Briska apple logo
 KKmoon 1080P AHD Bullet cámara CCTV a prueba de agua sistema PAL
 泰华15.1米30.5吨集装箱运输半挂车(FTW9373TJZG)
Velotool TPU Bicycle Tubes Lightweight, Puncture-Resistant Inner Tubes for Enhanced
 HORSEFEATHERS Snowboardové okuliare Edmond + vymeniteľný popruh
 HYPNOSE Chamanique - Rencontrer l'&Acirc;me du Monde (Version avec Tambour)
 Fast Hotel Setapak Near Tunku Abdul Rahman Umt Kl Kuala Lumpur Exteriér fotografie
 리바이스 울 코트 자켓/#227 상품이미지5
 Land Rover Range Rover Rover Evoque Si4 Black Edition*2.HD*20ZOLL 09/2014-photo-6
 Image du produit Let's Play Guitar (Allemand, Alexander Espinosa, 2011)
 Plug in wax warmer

----------------

ASSIGNMENT:
For this exercise, please copy exactly the lines of the material above from its first line through the line where "Land Rover Range" appears.

RESULT OF THIS EXERCISE:
Briska apple logo
 KKmoon 1080P AHD Bullet cámara CCTV a prueba de agua sistema PAL
 泰华15.1米30.5吨集装箱运输半挂车(FTW9373TJZG)
Velotool TPU Bicycle Tubes Lightweight, Puncture-Resistant Inner Tubes for Enhanced
 HORSEFEATHERS Snowboardové okuliare Edmond + vymeniteľný popruh
 HYPNOSE Chamanique - Rencontrer l'&Acirc;me du Monde (Version avec Tambour)
 Fast Hotel Setapak Near Tunku Abdul Rahman Umt Kl Kuala Lumpur Exteriér fotografie
 리바이스 울 코트 자켓/#227 상품이미지5
 Land Rover Range Rover Rover Evoque Si4 Black Edition*2.HD*20ZOLL 09/2014-photo-6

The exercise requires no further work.